Task objective => Line by line, transcribe the data below exactly and pass over the images.

*** Opening Given material ***

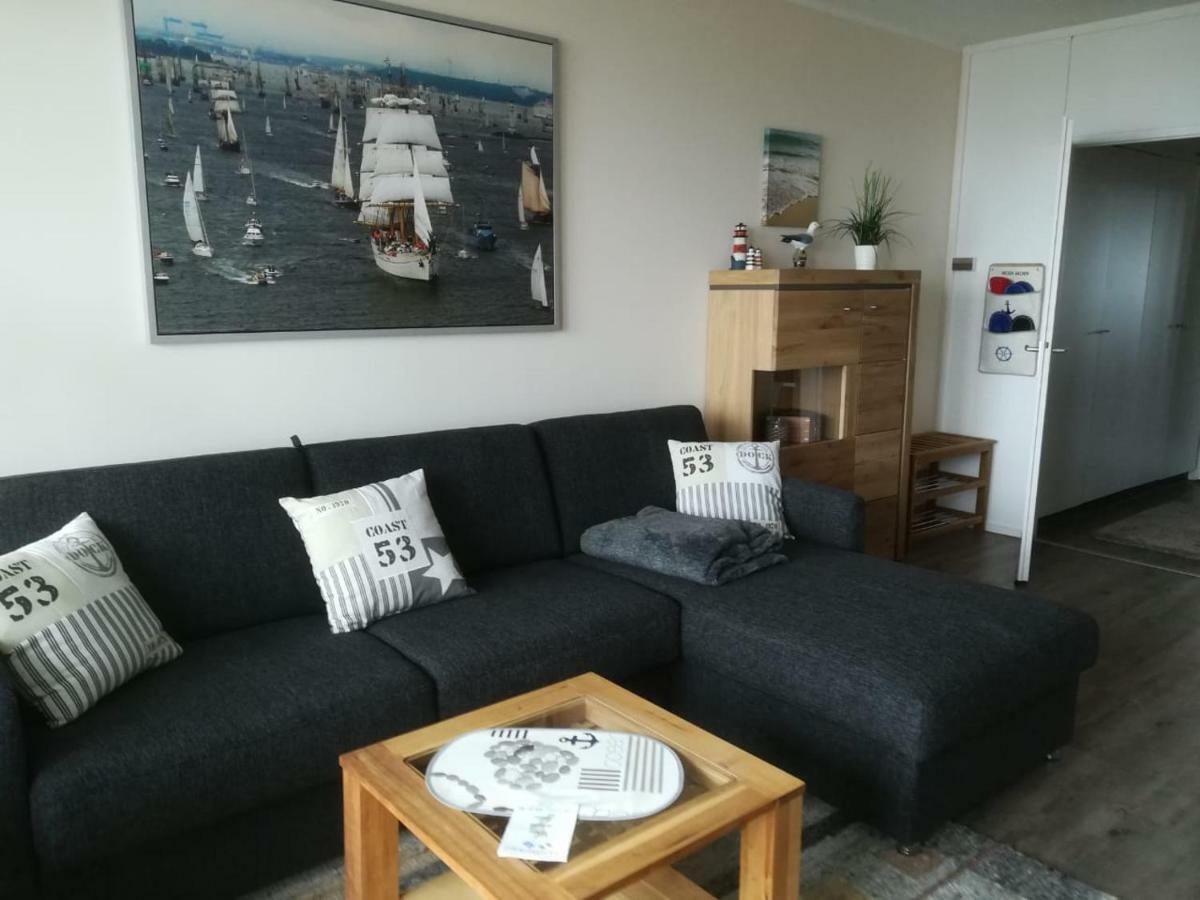 Ferienwohnung Marina Wendtorf ภายนอก รูปภาพ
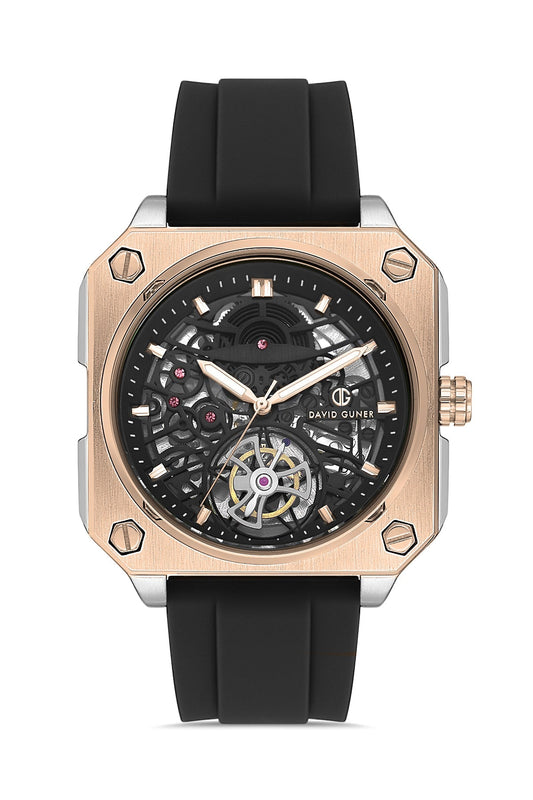 DAVID GUNER DG-8736GD-E2
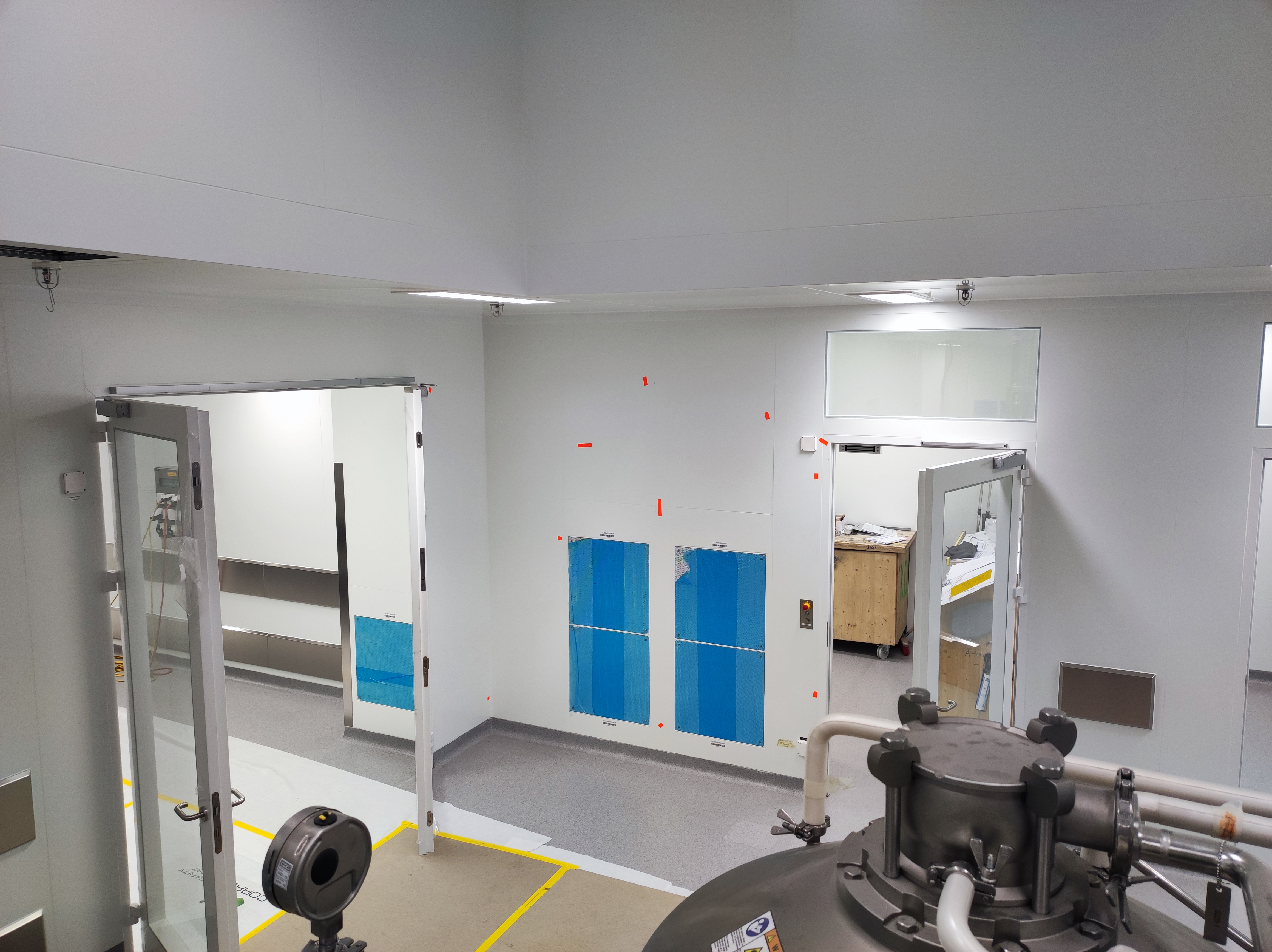 EKO HVOK industrial application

*** Closing Given material ***

Exercise answer =>
 Ferienwohnung Marina Wendtorf ภายนอก รูปภาพ
 DAVID GUNER DG-8736GD-E2
 EKO HVOK industrial application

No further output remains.